ヤポネシア論

ヤポネシア」とは作家の島尾敏雄が作った造語です。島尾は終戦直後に特攻人間魚雷回天の乗組員として奄美大島加計呂麻島にあった回天の基地で死を前に終戦を迎えました。戦後、彼は島娘のミホ氏と結婚、実家のある神戸へ移り住むもミホ氏の心の病を癒すために奄美へ移住します。自らが死を覚悟した特攻の生き残りとしての中途半端な自らの存在を小説を書きながら見つめ続けますが、本土とは自然だけでなく文化も違う奄美大島の環境が、徐々に彼の目的を失ったかのような心の内面にある”気づき”を与えます。国民一丸となって戦争に突っ込んだ日本社会、即ち「みんなが一色に塗りつぶされてしまう息づまるような何か、固い画一性」が「日本人というものを狭くしている」と感じ、何故そうなのか、どうすればそこから抜け出せるのか、を彼は常々考えていましたが、それは、その疑問へのある一つの回答でもありました。彼は言います。「…この島々の文化の中には本土で感じられる、緊張と硬化でこねあげられた固さがないことに気づいた。……ひとことでいうことは容易ではないがナイーブな生命力のようなものが、この琉球列島の島々の生活にはひそみ、人々の挙措のあいだに、日本本土では忘れられてしまった『やさしさ』を見つけだすことができたのである。誤解をおそれずにいえば、この島々には近代の文明に毒されない、中世もしくは古代の人間まるごとの生活が息づいていた。…」
 島尾は、本土の社会の「固さ」と南島の「柔らかさ(やさしさ)」の違いを南西諸島を総称して言う「琉球弧」にその根源を見出そうとし、南洋のポリネシア、或いはメラネシアなどとおなじような「ヤポネシア」という概念で捉えました。彼は、日本人である事或いは空間的にも日本から抜け出すことが出来ない状態の中で「もう一つの日本」という発想に行きつきます。彼は言います。「この抜け出せない日本からどうしても抜け出そうとするなら日本にいながら日本の多様性というものを見つけて行くしかない。…もう一つの日本、つまりヤポネシアの発想の中で日本の多様性を見つけるということ」だと。島尾が言いたかったことは、個別奄美・沖縄の特殊地域性ではなく、日本全国どこへ行っても「ヤポネシア」は存在する のではないか。それは日本人が自ら信じ込んでいる、或いは信じ込まされている「画一性」というものは相対的に作られたものであり、天皇と言えども歴史はわずか1500年程度しか遡れない。しかし、「日本人」は縄文或いはそれ以前、数千年は遡れるはずだ。ということではなかったのではないでしょうか。そう考えれば、我々が現代居住する地域それぞれが「ヤポネシア」に該当するハズです。

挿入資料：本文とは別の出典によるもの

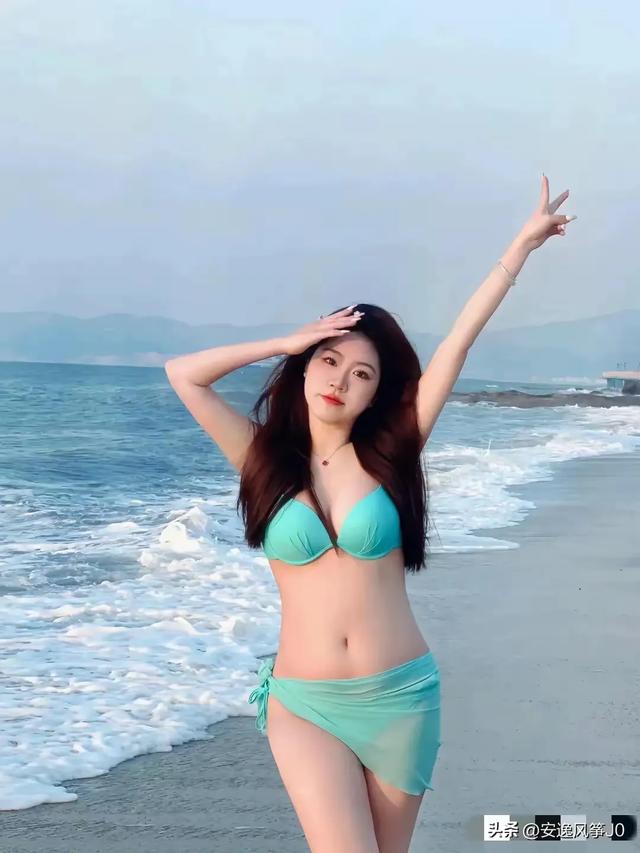 27岁绿色泳衣棕色头发美女海边拍摄写真照，尽显魅力与自信！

 科学技術の発達やグローバル化が進展する世界において、また現代日本社会が置かれている息詰まるような閉塞感の素因に前述の「固さ・画一性」があることは間違いないでしょう。それを「柔らかさ(やさしさ)・多様性」に変えることを可能にする考えの一つに「ヤポネシア論」はあるのかもしれません。